Naked City

One Hell of a Deal

One Hell of a Deal

Hundreds of Austin Community College students received a fine how-do-you-do on their first day of fall classes: Some discovered that their names had been dropped from class rolls, others that the GPAs on their grade reports had changed. The errors came courtesy of a new, bug-ridden $2.5 million automated record-keeping system ACC purchased from Datatel, a computer software company. After spending several days working late to straighten out all the student complaints, ACC faculty and administrators have their own name for the software: Data Hell.

"Assistant deans ... were pulling their hair out. The first week of the semester was just a zoo," reports adjunct professor David Lauderback, who says one of his students was shocked to find her reported GPA had fallen from 4.0 to 2.5. ACC administrators have since corrected that error, and have posted the reassuring news that student records are still intact in the old record-keeping system. But that hasn't appeased faculty members who had to deal with angry students who were unknowingly booted from courses which later filled up. Professor Marlette Rebhorn says she "cut deals" with students by promising them spots in later courses to prevent an insurrection. "It's the faculty on the front line that have had to pick up the pieces," says Rebhorn. "What we're doing is making up for a system that is deeply flawed."

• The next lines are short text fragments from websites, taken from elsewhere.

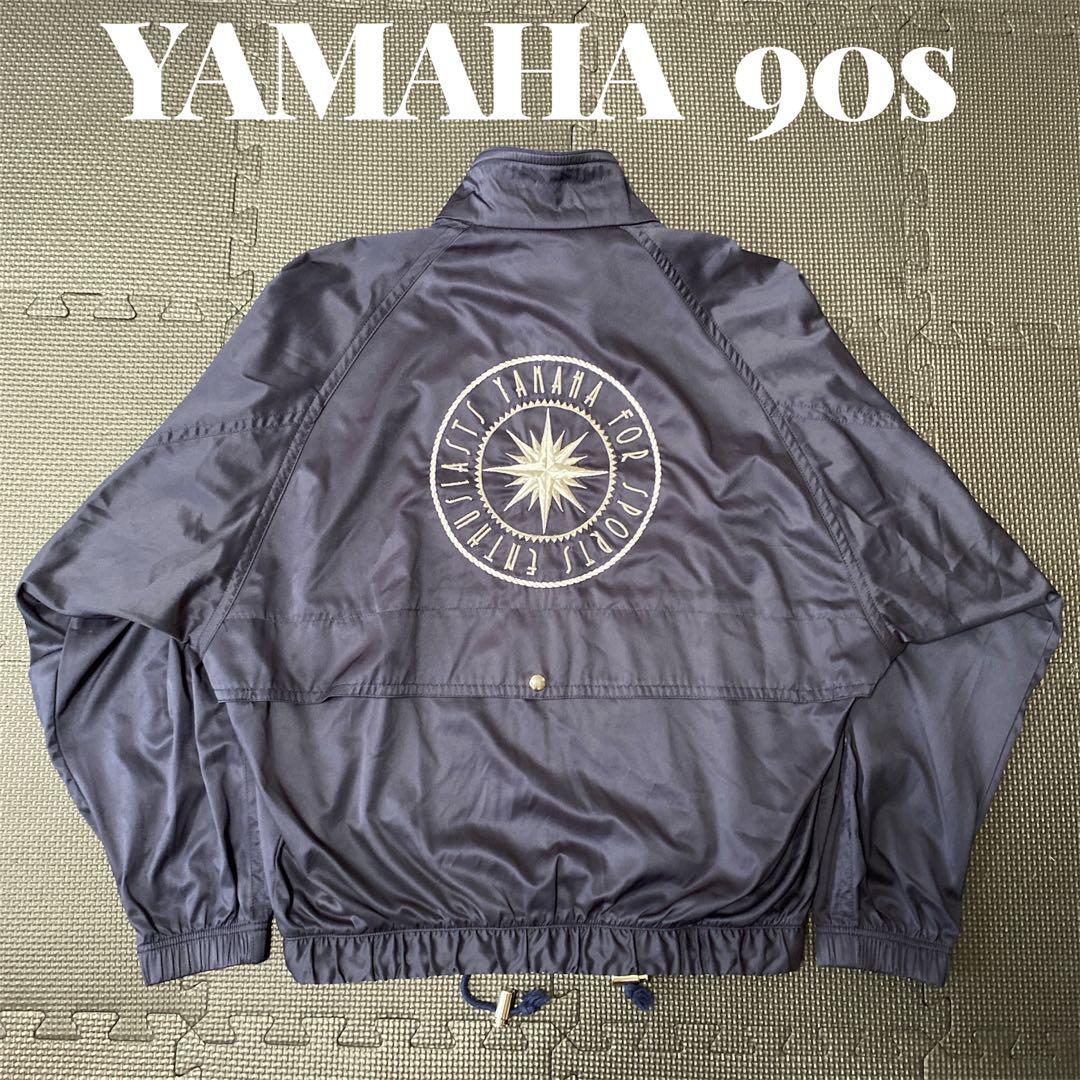 希少　YAMAHA ヤマハ　ナイロンジャケット　90s 当時物　ネイビー　紺色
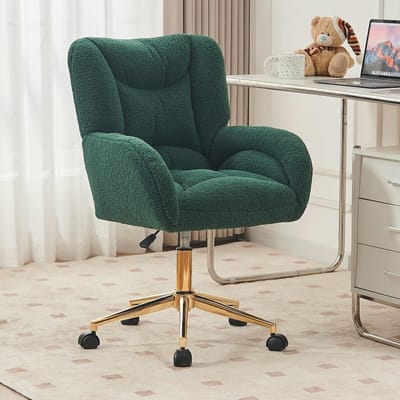Draaibare Bureaustoel - Fluwelen Kapstoel - Comfortabel Zitten - In Hoogte Verstelbaar - 64x62x97cm - Groen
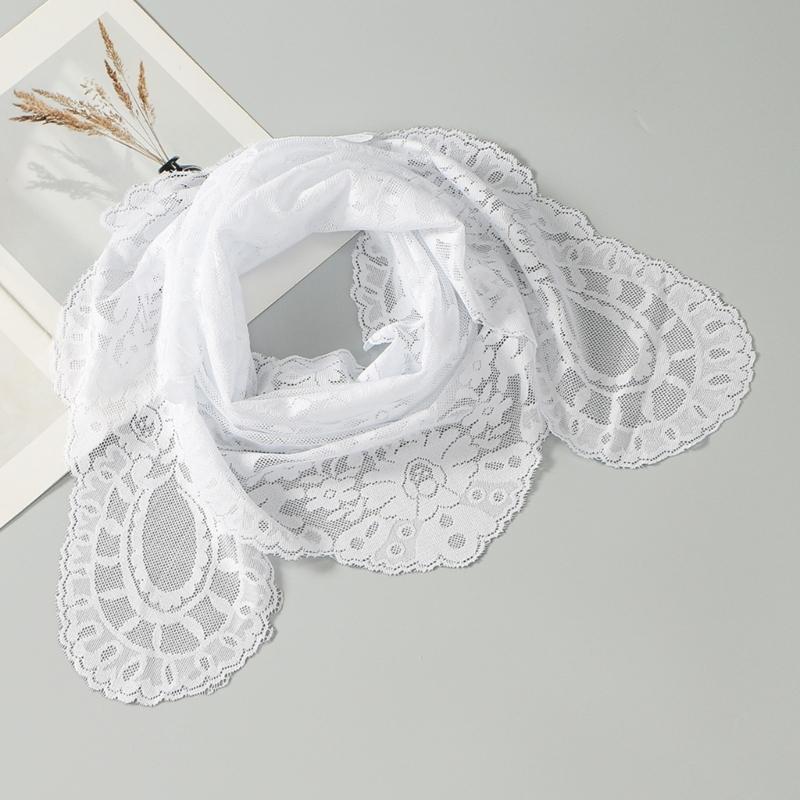 Floral Lace Edge Scarf Comfortable Head Cover Strong Polyester Material For Spiritual Moment Or Travel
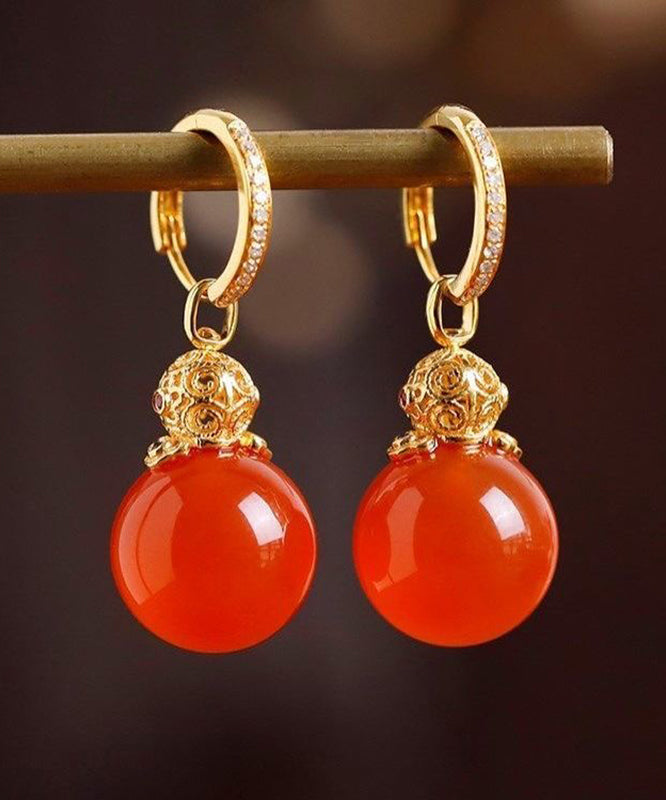Art Red 18K Gold Inlaid Agate Drop Earrings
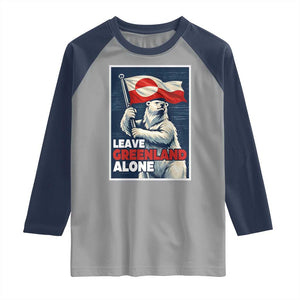 Leave Greenland Alone Vintage Poster Graphic Raglan Shirt Retro Polar Bear Waving Flag Patriot TS02 Sport Gray Navy Print Your Wear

Assistant dean Jerry Shepperd, who had students lined up outside his office door for several days straight, says that while converting to Datatel wasn't "the end of the world ... it was busy, at times crazy. ...The brunt of the burden has been borne by faculty."

The conversion of student records and admissions onto Datatel software is the final step in a technology overhaul ACC began early last year to fully integrate the college under one record-keeping system. But the Datatel system was not well-designed for a college as large and diverse as ACC. The software will not, for example, process student payment plans, send or receive electronic transcripts, or allow two users to pull up a student's record simultaneously. Many students' GPAs were altered by the system because it failed to recognize courses students had taken at other universities and simply deleted them from the students' transcripts. The system was also ill-designed to handle add/drop requests through telephone registration, knocking students out of classes they tried to add during registration if they failed to add a class in the same phone call in which they dropped another.

ACC President Richard Fonte originally hoped to bring admissions record keeping into the Datatel system by spring of last year. But Vice President of Student Services Maggie Culp, who had been hired only a few months before to oversee the Student Services revamp, warned Fonte that trying to convert that quickly would cause "the biggest unmitigated disaster in the history of the college." Culp recommended converting in spring 2000, but the ACC administration, worried that overhauling the system in a base funding year would negatively affect enrollment, and that the old system was not Y2K compliant, ordered that the Datatel system be fired up for fall 1999 enrollment. However, ACC hired no additional staff to aid in the conversion.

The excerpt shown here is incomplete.